Sebenarnya banyak perumpamaan yang Allah berikan sebagai i’tibar, penuntun
langkah hidup kita. Akan tetapi seringkali kita kurang memperhatikan
ciptaan-ciptaan-Nya. Padahal pada ciptaan Allah itu terdapat suatu
pelajaran yang sangat berharga bagi hidup kita. Mungkin Ilmu pengetahuan
kita seringkali tidak sampai di dalam memahami tanda-tanda kekuasaan
Allah.
Seekor
ayam yang berkokok di pagi hari, kemudian keluar dan mengepak-ngepakan
sayapnya, sang jantan berkokok keras, menyambut sang surya yang
tersenyum di ufuk timur. Mereka pergi pagi dan pulang menjelang malam dengan gelembung
tembolok dileher yang sudah penuh dengan makanan. kemudian beristirahat
sampai menjelang pagi dan kembali berkokok, mengepakan sayap,
menyiapkan cakar-cakar untuk mengorek makanan di tanah dan rerumputan.

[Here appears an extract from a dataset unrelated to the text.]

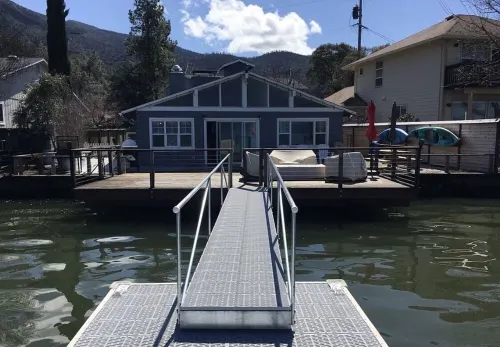 The Lake Cottage on Soda Bay-Pet Friendly, Private Deck, Dock & Kayaks Hotel a Lake County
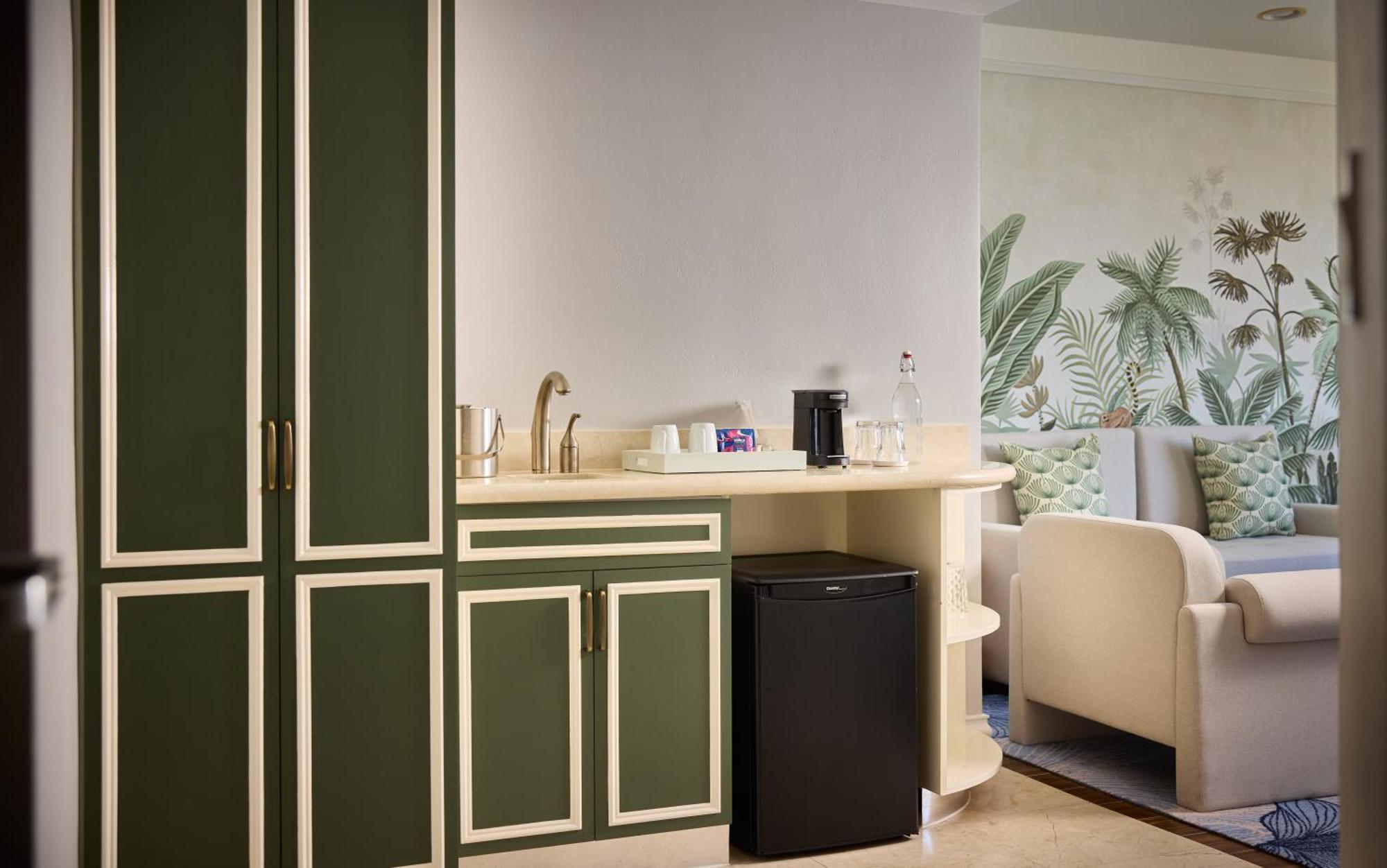 Resort British Colonial 4*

Itulah seekor ayam, tanpa beban ia bekerja mencari makan.[2]
Manusia
dengan bekal akal fikirannya mestinya mampu menemukan bagaimana ia
harus memenuhi kebutuhan hidupnya yang terus berkembang, tindakan dan
proses apa yang harus dilakukan untuk semua itu. Sedangkan berusaha bagi
mereka merupakan sebuah keharusan.
Sabda Nabi SAW :
“ Sesungguhnya Allah mewajibkan atas kamu berusaha, maka berusahalah…” (HR. at-Thabrani)
Untuk
itu manusia perlu bekerja keras, membangun jaringan kerja, membentuk
tim, dan berbagi di dalam pekerjaan dan hasil-hasilnya. Semua ini
dilakukan dalam rangka memenuhi sunnatullah. Manusia akan rugi
dunia-akhirat manakala tidak memanfaatkan kehidupan di dunia ini dengan
sebaik-baiknya.
Manusia
juga harus mampu hidup dalam keteraturan, kepedulian, kedisiplinan dan
saling memperkuat. Dan sudah sewajarnya manusia yang beriman dan berakal
dapat hidup lebih baik daripada makhluk Allah lainnya. Kita pun
seharusnya mampu menunjukkan kerja keras, disiplin, saling berbagi, dan
saling memperkuat dalam rangka mencari ridha Allah.[3]
Berlatarbelakang
dari bagaimana tanggung jawab manusia sebagai khalifah dalam menjaga
dan melestarikan bumi dimana ia berada saat ini, maka penulisan makalah
ini kami beri judul “Anjuran Berwirausaha Dalam Islam”.
B. Rumusan Masalah
Adapun rumusan masalah yang akan mengantarkan kita pada pembahasan tersebut adalah sebagai berikut :
1. Apakah kewajiban manusia sebagai khalifah di muka bumi ini ?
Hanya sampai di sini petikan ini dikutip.